Jerome K. Jerome is a British writer of the Victorian period, best known for his comic novels. His most famous and enduring work is Three Men in a Boat.
Jerome Klapka Jerome was born in the village of Caldmore, near Birmingham in Central England. Jerome’s father was an ironmonger and a non-conformist preacher. The family enjoyed a middle-class lifestyle for many years, although a series of bad investments forced them into poverty when Jerome was two years old. Because of this, the family had to leave their house, and Jerome spent his childhood as a poor boy (“Jerome the Man”). Jerome’s financial situation went from bad to worse at age 13, when his father died.
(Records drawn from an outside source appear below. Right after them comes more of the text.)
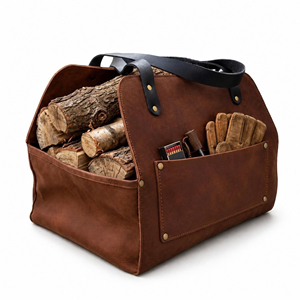 Sac de transport robuste en cuir véritable pour bûches, style vintage, portable, pour foyer, sac de transport pour bois de chauffage, équipement extérieur LLR-0139 - Product Image 1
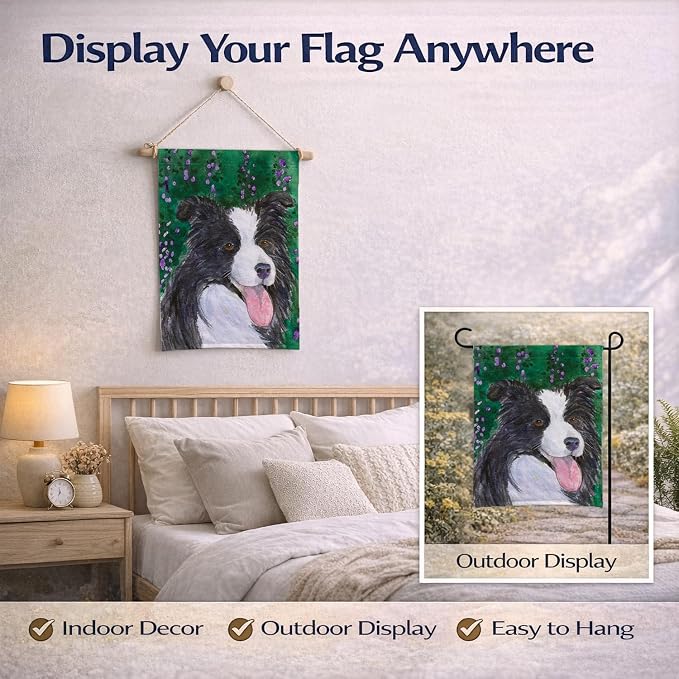 Caroline's Treasures SS1053GF Border Collie Garden Flag Mailbox Flag Decorative Yard Flag Banner Outside Patio Artwork Yard Flower Beds, Garden Size, Multicolor
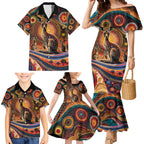 Australian Aboriginal Art Kangaroo Family Matching Mermaid Dress and Hawaiian Shirt Our Children Our Future Aboriginal Dot Painting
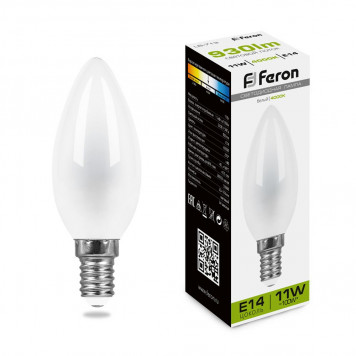 Лампочка Feron E14 свеча opal 11w 4000K матовая LB-713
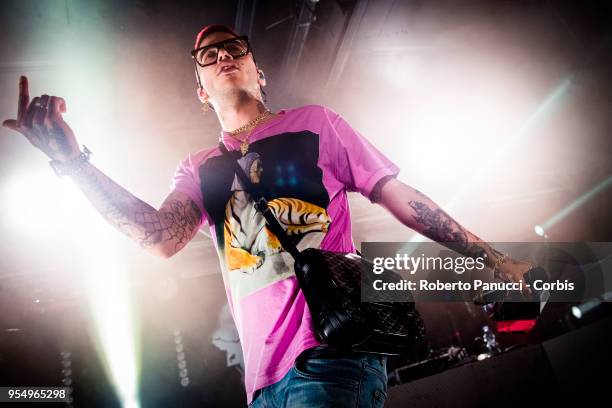 Sfera Ebbasta perform on stage on May 3, 2018 in Rome, Italy.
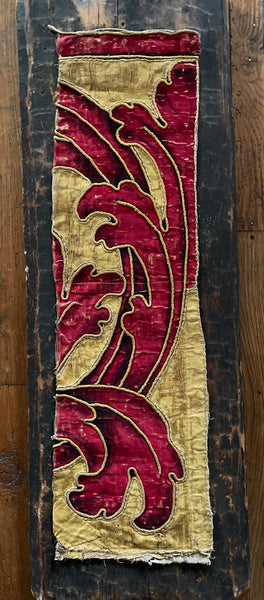 Antique Hand Painted Silk Panel Section of Wing: C17th Italy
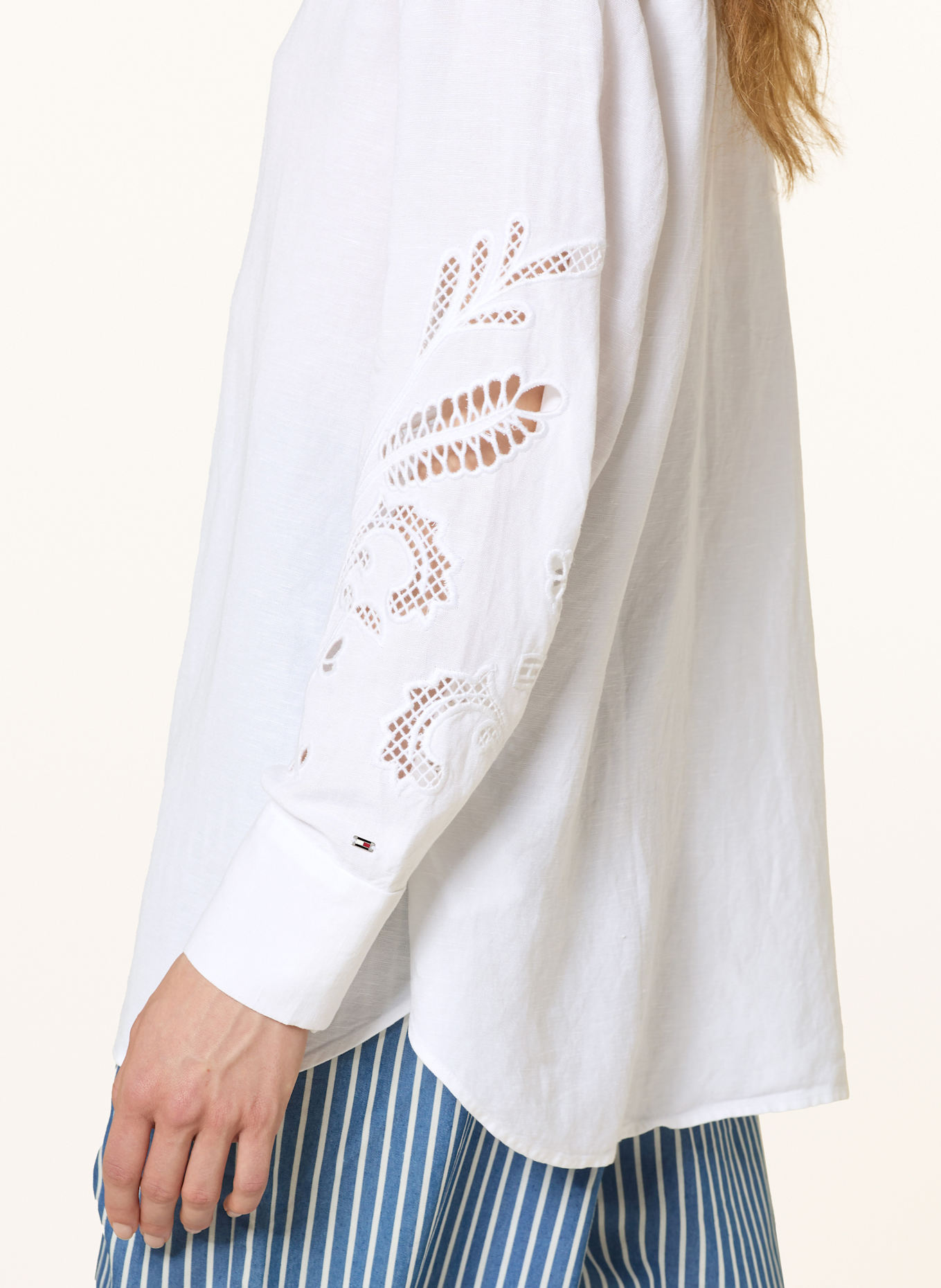 TOMMY HILFIGER Bluse mit Leinen und Lochspitze: WEISS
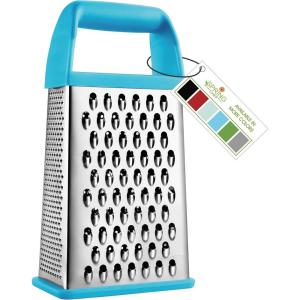 imageSpring Chef Professional 10quot Stainless Steel Parmesan Cheese Grater with Handle 4 Sided Handheld Box Grater Kitchen Potato Shredder for Hash Browns Hard Cheese Ginger Vegetables Carrot  MintBlue Aqua Sky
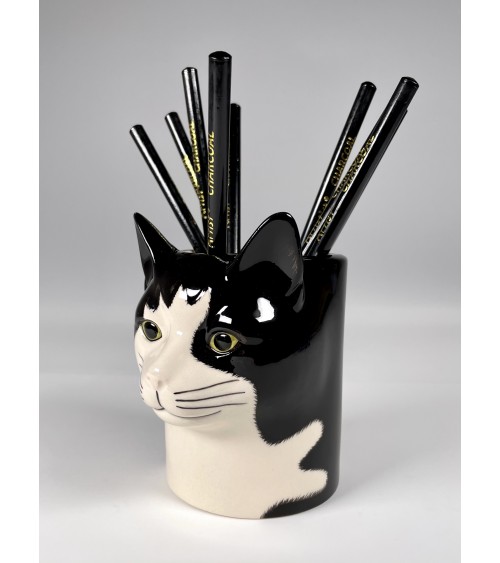 Barney - Animal Pencil pot & Flower pot - Cat Quail Ceramics pretty pen pot holder cutlery toothbrush makeup brush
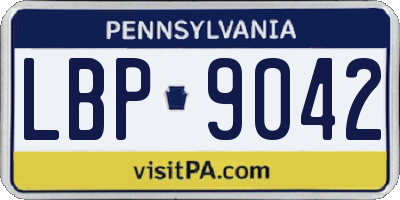 PA license plate LBP9042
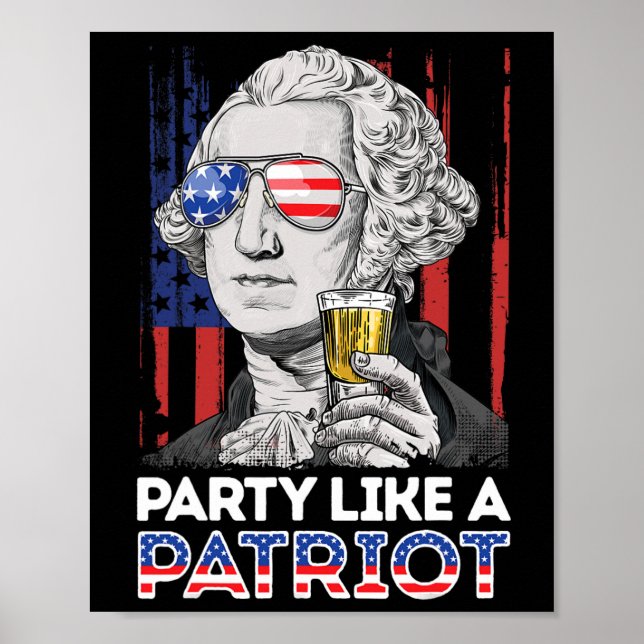 Affiche George Washington 4 juillet Parti Comme Un Patriot (Devant)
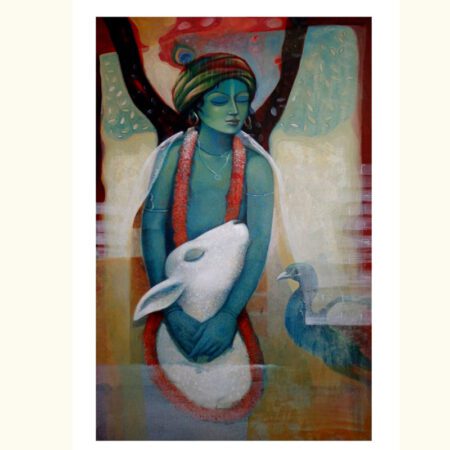The Sacred Companionship painting by Ashish Mondal showing Lord Krishna with cow and peacock – original handmade acrylic artwork on canvas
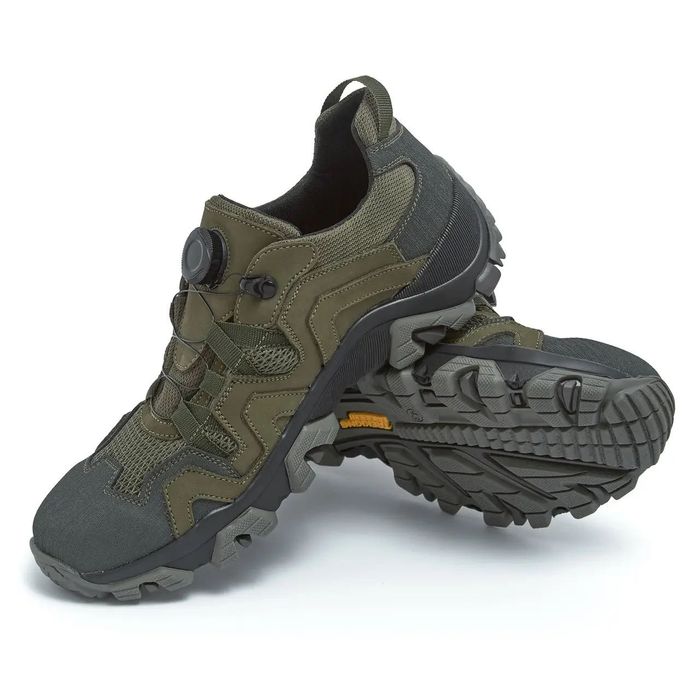 Тактичні кросівки з автошнуровкою чоловічі літні шкіряні з сіткою хакі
Two years later, his mother passed away, and Jerome was forced to drop out of grammar school to work menial jobs.
Despite these difficult circumstances, Jerome developed a passion for literature, politics, and the theatre. In his late teens and twenties, he held a variety of jobs including acting, journalism, and teaching school. He was not particularly successful at any of these occupations.
Jerome finally broke through creatively in 1885, when he published a memoir about his time working for a low-budget theatre troupe. He then began to publish comedic essays in a magazine called Home Chimes.
He married his wife, Georgina, in 1888, and they spent their honeymoon rowing on the Thames. Their trip inspired his most successful work, Three Men in a Boat, which was serialized in Home Chimes in 1889. Although Three Men in a Boat was poorly received by critics, it was immensely popular among readers of all social classes. Royalties from the book ensured Jerome financial freedom for the rest of his life. He devoted himself to writing full-time, although he remained critically unpopular and his later works sold inconsistently. Jerome published a sequel to Three Men in a Boat called Three Men on the Bummel in 1898, but it garnered mixed reviews and mediocre sales.
When World War I broke out in 1914, Jerome was eager to contribute to the war effort. Because he was too old to join the British military, he drove an ambulance for the French throughout the war. He returned to England traumatized, and was further psychologically damaged by the death of his beloved stepdaughter, Elsie. Jerome wrote an autobiography in 1926, and died in 1927 of a stroke.